Single TSS Centering

Author

Saideep Gona

Published

March 22, 2023

Code
suppressMessages(library(tidyverse))
suppressMessages(library(glue))
PRE = "/c/Users/Saideep/Box/imlab-data/data-Github/Daily-Blog-Sai"

## COPY THE DATE AND SLUG fields FROM THE HEADER
SLUG="single-tss-centering" ## copy the slug from the header
bDATE='2023-03-22' ## copy the date from the blog's header here
DATA = glue("{PRE}/{bDATE}-{SLUG}")
if(!file.exists(DATA)) system(glue::glue("mkdir {DATA}"))
WORK=DATA

Context

Thus far, I have been running my gene expression estimates by centering the Enformer window on the gene body as a whole. This is then followed by quantification by summing across TSS sites for that gene to yield a single gene estimate. One issue with this is that it becomes difficult to deal with very large genes relative to the Enformer output window. The problem is illustrated below:

Code
gene_metadata = read.csv2("/Users/sgona/Library/CloudStorage/Box-Box/imlab-data/data-Github/analysis-Sai/metadata/gene_metadata_full.csv")

hist(log(gene_metadata$length), breaks = 30)
abline(v=log(114688),col="red")

Code
print(paste("Number of protein-coding genes:",nrow(gene_metadata)))
[1] "Number of protein-coding genes: 19109"
Code
print(paste("Number of protein-coding genes smaller than enformer output window:",nrow(gene_metadata[gene_metadata$length < 114688,])))
[1] "Number of protein-coding genes smaller than enformer output window: 16102"
Code
print(paste("Proportion of genes too large for Enformer:",nrow(gene_metadata[gene_metadata$length > 114688,])/nrow(gene_metadata)))
[1] "Proportion of genes too large for Enformer: 0.157360406091371"

As you can see ~15% of these genes are already too large for the Enformer output window.

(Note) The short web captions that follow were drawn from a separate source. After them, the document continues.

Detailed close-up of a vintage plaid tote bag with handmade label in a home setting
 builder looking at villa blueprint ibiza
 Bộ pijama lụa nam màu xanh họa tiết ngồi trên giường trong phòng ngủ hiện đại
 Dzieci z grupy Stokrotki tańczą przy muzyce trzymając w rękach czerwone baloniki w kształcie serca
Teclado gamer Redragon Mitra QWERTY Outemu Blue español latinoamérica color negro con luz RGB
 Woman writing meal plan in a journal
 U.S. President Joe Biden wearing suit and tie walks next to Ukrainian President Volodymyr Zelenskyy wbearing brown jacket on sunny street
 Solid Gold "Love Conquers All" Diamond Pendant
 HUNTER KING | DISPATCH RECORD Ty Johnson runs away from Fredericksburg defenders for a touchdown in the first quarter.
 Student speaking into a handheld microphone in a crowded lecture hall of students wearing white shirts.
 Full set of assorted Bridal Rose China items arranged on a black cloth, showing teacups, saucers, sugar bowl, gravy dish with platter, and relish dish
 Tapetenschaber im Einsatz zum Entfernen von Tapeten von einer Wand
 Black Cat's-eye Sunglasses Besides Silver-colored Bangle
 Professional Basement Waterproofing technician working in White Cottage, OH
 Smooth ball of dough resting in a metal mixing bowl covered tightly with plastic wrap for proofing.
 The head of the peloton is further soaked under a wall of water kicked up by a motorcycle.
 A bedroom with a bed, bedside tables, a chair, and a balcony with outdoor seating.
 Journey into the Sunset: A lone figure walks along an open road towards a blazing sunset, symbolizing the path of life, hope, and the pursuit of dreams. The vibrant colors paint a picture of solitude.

To remedy this, we can instead make predictions using the primary TSS for genes as the focal point for making predictions. This has the drawback that you can only guarantee quantification at this TSS. While I have previously shown that this estimate correlates strongly with summing across all TSS, they are not exactly the same.

Regardless, here I will modify the pipeline inputs to center on the primary TSS so that more genes are viable for prediction.

How close are gene start positions and “first” TSS for that gene?

Gene start positions and TSS sites are extracted from a reference GFF file. The extraction process is as follow:

  1. For each line, determine if the feature (3rd column) is a “gene” or “transcript”
  2. If “gene”, parse out the genomic location (chr,start,end) as well as the gene id and gene name and store
  3. If “transcript”, store the start location in the set corresponding to the gene with matching gene id
  4. Finally, write out per gene the gene body location and a list of TSS for transcripts corresponding to the gene

For a variety of reasons, the start of the gene body in the annotation file does not necessarily match the first transcript start location. Below shows the distance distribution between these two classes of loci:

Code
library(ggplot2)

gene_metadata$first_TSS <- as.numeric(sapply(str_split(gene_metadata$tss_sites, ","),"[[",1))

gene_metadata$gene_TSS_dif <- gene_metadata$start - gene_metadata$first_TSS

ggplot(gene_metadata) + geom_boxplot(aes(y=gene_TSS_dif))

Checking if the “first” TSS is the dominant one

Location of new run

Results from this run will be stored in the following directory:

Geneset enrichment using Karl’s method

I have sent Karl genesets from my epistasis analysis, so more to come on that front.